Dalam upaya peningkatan SDM, peranan pendidikan cukup menonjol. Dari pengalaman beberapa negara menunjukkan bahwa dalam menuju perubahan struktural, dengan meningkatnya pembangunan ekonomi telah terjadi proporsi tenaga kerja di bawah pendidikan dasar yang semakin mengecil, sedangkan proporsi tengan kerja berpendidikan menengah dan tinggi semakin meningkat. Berbeda dengan negara lain yang mengalami tinggal landas, proporsi yang berpendidikan dasar dan menengah di Korea pada pertengahan tahun 70-an cukup besar yaitu 19 persen tidak berpendidikan, 43 persen berpendidikan dasar, 31 persen berpendidikan menengah dan 7 persen berpendidikan tinggi (Macharany, 1990).
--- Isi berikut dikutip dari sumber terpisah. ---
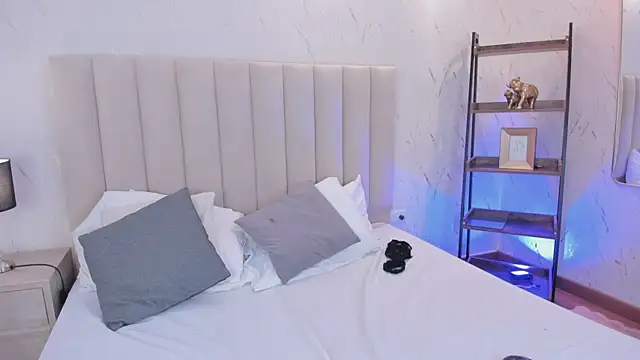 ViolettaRousee  online show from February 2026 09:58:02 PM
Selanjutnya, Yudo Swasono dan Boediono (Macharany, 1990) mengungkapkan bahwa struktur tenaga kerja Indonesia pada tahun 1985 adalah 53 persen tidak berpendidikan, 34 persen berpendidikan dasar, 11 persen berpendidikan menengah dan 2 persen berpendidikan tinggi. Bila kita ingin mencapai tinggal landas seperti Korea, diperkirakan struktur tenaga kerja menurut pendidikan dalam tiga skenario pertumbuhan GDP per kapita, yaitu rendah 6 persen, sedang 7 persen, dan tinggi 8 persen pada tahun 2019.
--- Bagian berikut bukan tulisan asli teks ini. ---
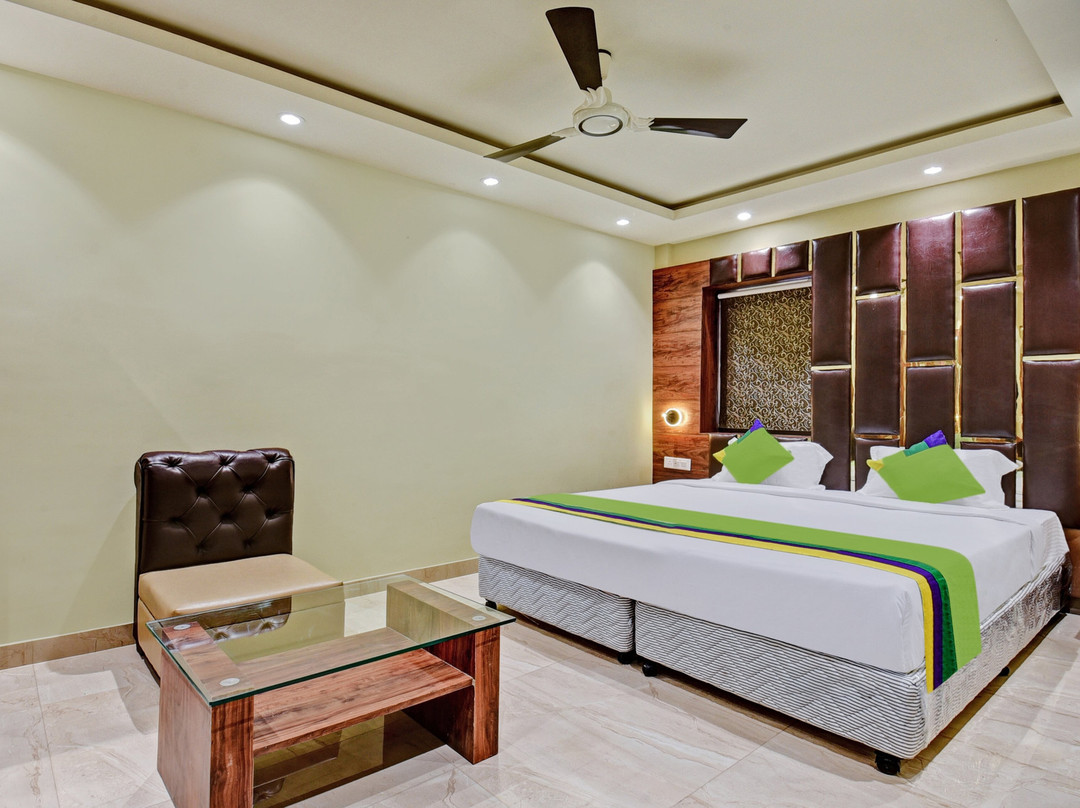 Muhammadpur Barantpur酒店住宿-The Hotel Bliss Churned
Di era otonomi daerah kebijakan strategis yang diambil Direktorat Jenderal Pendidikan Dasar dan Menengah dalam meningkatkan mutu pendidikan untuk mengembangkan SDM adalah : (1) Manajemen peningkatan mutu berbasis sekolah (school based management) dimana sekolah diberikan kewenangan untuk merencanakan sendiri upaya peningkatan mutu secara keseluruhan; (2) Pendidikan yang berbasiskan pada partisipasi komunitas (community based education) di mana terjadi interaksi yang positif antara sekolah dengan masyarakat, sekolah sebagai community learning center; dan (3) Dengan menggunakan paradigma belajar atau learning paradigm yang akan menjadikan pelajar-pelajar atau learner menjadi manusia yang diberdayakan. Selain itu pada pemerintah telah mengumumkan suatu gerakan nasional untuk peningkatan mutu pendidikan, sekaligus menghantar perluasan pendekatan Broad Base Education System (BBE) yang memberi pembekalan kepada pelajar untuk siap bekerja membangun keluarga sejahtera. Dengan pendekatan itu setiap siswa diharapkan akan mendapatkan pembekalan life skills yang berisi pemahaman yang luas dan mendalam tentang lingkungan dan kemampuannya agar akrab dan saling memberi manfaat. Lingkungan sekitarnya dapat memperoleh masukan baru dari insan yang mencintainya, dan lingkungannya dapat memberikan topangan hidup yang mengantarkan manusia yang mencintainya menikmati kesejahteraan dunia akhirat (Depdiknas, 2000).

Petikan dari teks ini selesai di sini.